A Confessional Apology (Apologetic Confession?): Here's What Happened With "The Dragonlord's Heir"

I should mention that I originally wrote this post probably over a year ago. I did not post it right away becausewell, for the reasons listed below. I felt like now would be a good time to finally share my thoughts given how I've been struggling lately to feel like I'm doing anything of value with my skills and talents. This is the most honest thing I've written, probably ever.

So to channel Usher, these are my confessions.

First, I feel like I owe an apology to several people. Namely to the people who read my first self-published book, The Dragonlord's Heir.


Yes, I self-published a book under the pen name, Christina Kenway, after Edward Kenway, the protagonist of Assassin's Creed: Black Flag. Dorky, I know. I published my book four years and three months ago, to be exact. It was a middle grade novel about a young boy who discovered he was a modern-day dragon slayer à la Rick Riordan’s Percy Jackson. I wasn’t proud of my book after a while, but about a year ago, I had an introspective moment and I realized that I should be proud of it.

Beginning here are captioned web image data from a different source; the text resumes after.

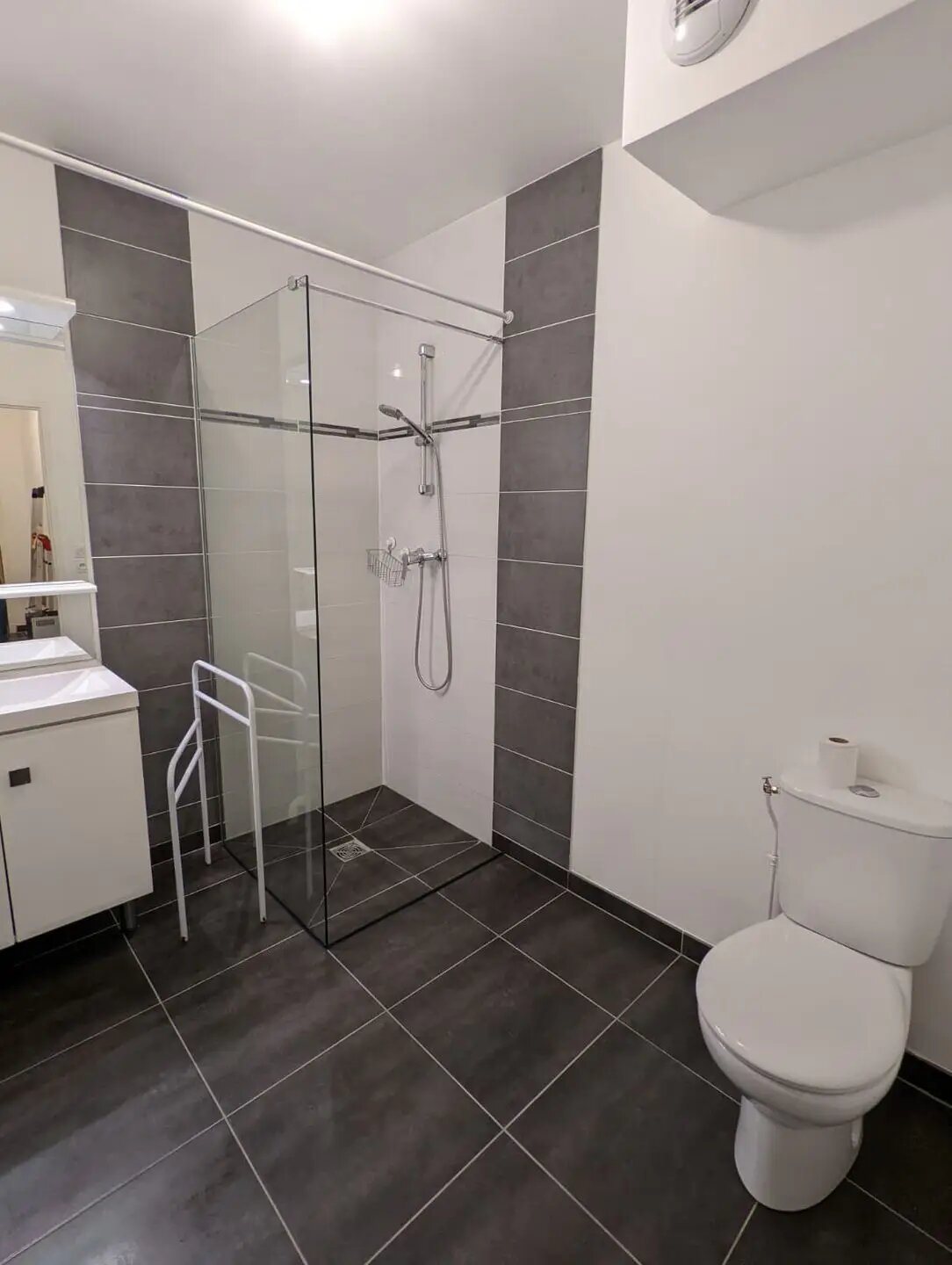 Appartement à vendre, 25m², Crécy-la-Chapelle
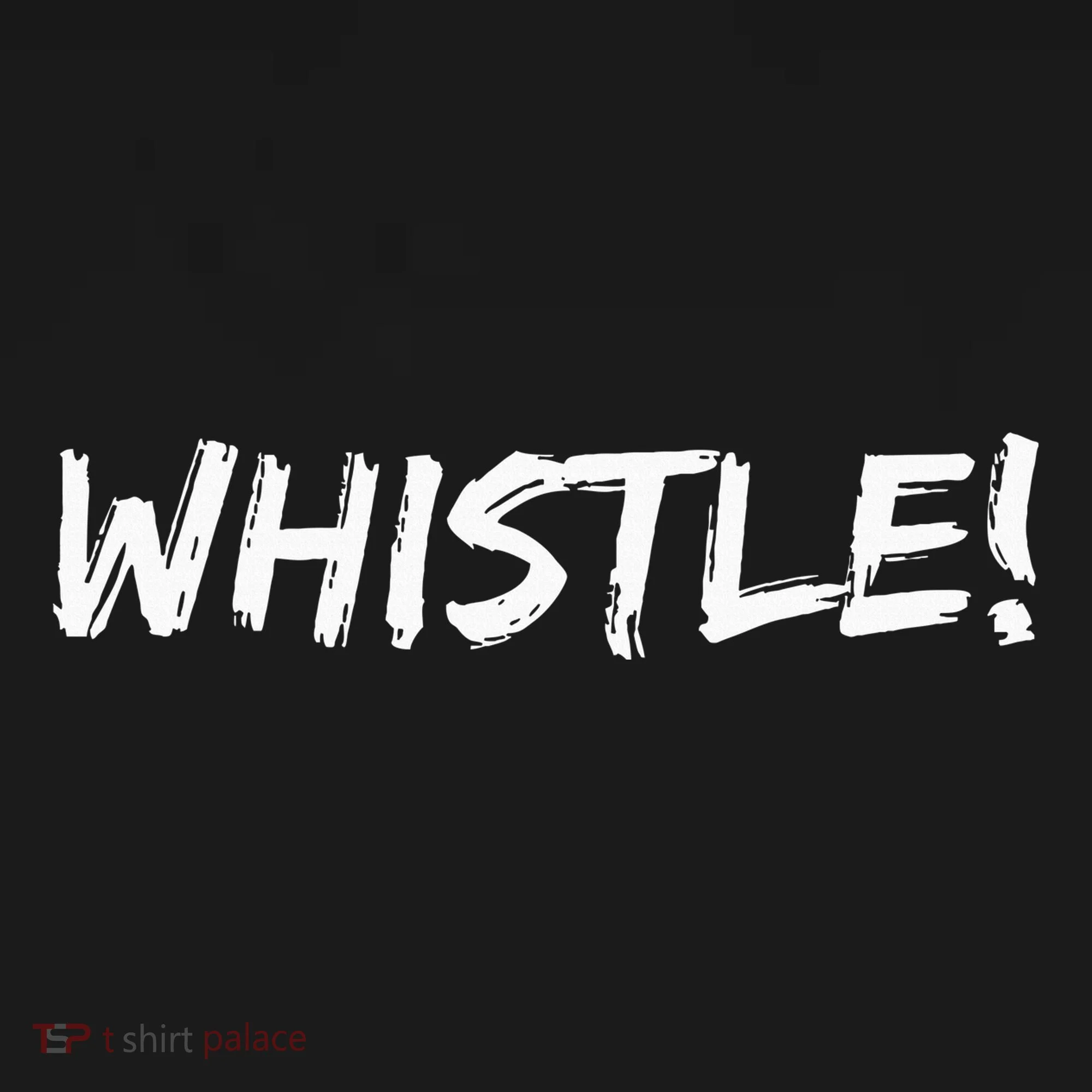 Whistle Whistle! Polo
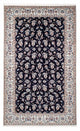 Nain - 6La Teppe 139x227cm - Persisk teppe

Keep in mind that when I say I know I should be proud of it, it doesn't mean that I am proud of it. I am still struggling with this, struggling to give myself a break and ever admit that I done good, kid. I constantly look back on my book and think to myself, "Who did I think I was? What a joke."

You see, I am a perfectionist. A hard-core perfectionist, almost to the point of being crippling. I like things done right the first time, and if they aren’t done right the first time, I write off my initial efforts and try to do better to make up for it. I beat myself up until I get things right in order to prove that I still got “it.” Whatever “it” is.

Life doesn’t work that way, though. You can’t just throw out the imperfections. You have to work with them, to shape and mold them. I’m slowly beginning to realize this.

But first, before fully confessing the self-publishing skeleton in my closet, an anecdote.

While I was growing up, my mother ran a wedding dress business out of our home. Bridal clients came and went, and she made some pretty elaborate gowns which were professionally photographed and documented in a portfolio. I’m talking full-on gowns with trains, veils, and detailed lacework. She began to teach me the sewing basics when I was a teenager and I learned a lot from her, but she was difficult to work with. We both had (have) short fuses and short tempers. Sorry, Mom. We both know it’s true.

So I had to learn my skills elsewhere. I took a few fashion design classes in high school which allowed me to do some basic sewing, but I can’t say I actually learned much in those classes. We really only learned how to operate a machine, and how to read and follow a sewing pattern while our teacher watched over our shoulders, two things which I already knew how to do.

Summoner Yuna from Final Fantasy X. My first costume from 2012.
Then, a few years ago, I got into cosplay. If you don’t know what that is, think Comic-Con. All those people dressed up as video game characters, anime characters, movie characters, and the like are cosplaying. It is certainly a dorky hobby, but I had a lot of fun doing it and made a lot of good friends.

I started making my own costumes from scratch, often foregoing the standard store-bought pattern altogether and creating patterns of my own, especially for the less-traditional costumes that weren't simple A-line dresses or circle skirts. At first, I had no real idea what I was doing. Though my costumes always looked good, the construction beneath everything was terrible.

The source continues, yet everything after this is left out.